§ Supplied material:
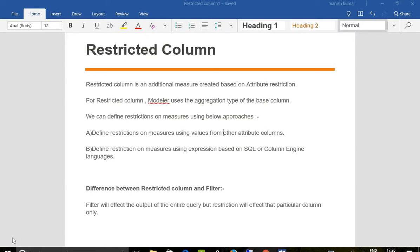Hello everyone, this is Manish. Today we are going to learn about restricted columns. First, what is a restricted column? A restricted column is basically an additional measure created based on attribute restriction. For restricted columns, the model uses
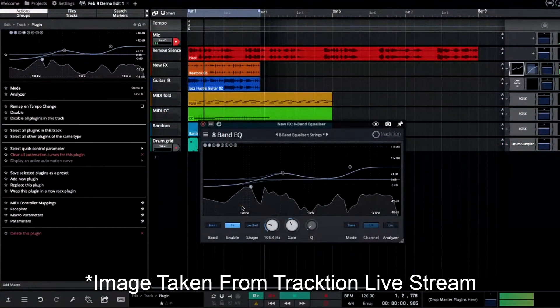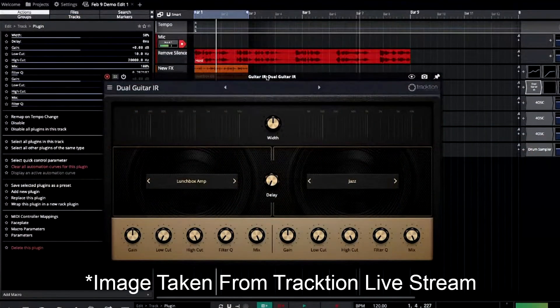They're adding an 8-band EQ that looks great, and they also mentioned some new reverbs that they're going to be adding. Another new effect they showed was a dual guitar IR loader — this is going to be like a guitar cabinet sim where you can load IRs. It probably comes with several IRs built in, and I'm sure you'll be able to add your own. I'm not sure, but this might be one that's only included with Pro — I'm just speculating on that.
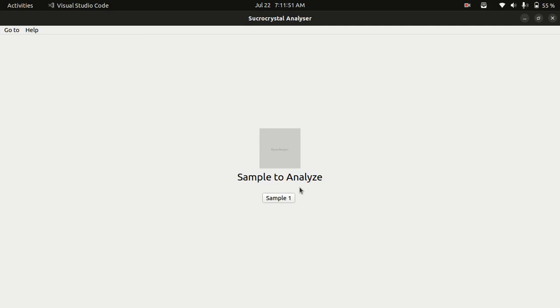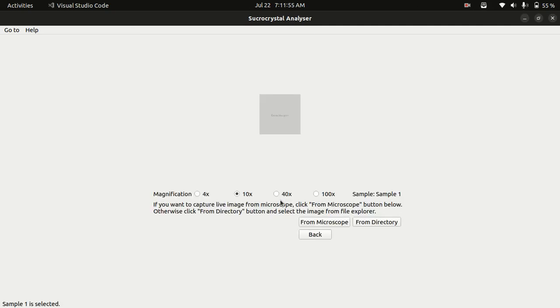So for example if I select sample 1, it will take me to this page where it is asking me to select the magnification. Here are general magnification values which are generally available in all types of microscopes.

§ What the exercise asks:
Repeat only the lines from the one holding "They're adding an" through the last line of the data, inclusive. Keep the pictures out.

§ Result of the exercise:
They're adding an 8-band EQ that looks great, and they also mentioned some new reverbs that they're going to be adding. Another new effect they showed was a dual guitar IR loader — this is going to be like a guitar cabinet sim where you can load IRs. It probably comes with several IRs built in, and I'm sure you'll be able to add your own. I'm not sure, but this might be one that's only included with Pro — I'm just speculating on that.
So for example if I select sample 1, it will take me to this page where it is asking me to select the magnification. Here are general magnification values which are generally available in all types of microscopes.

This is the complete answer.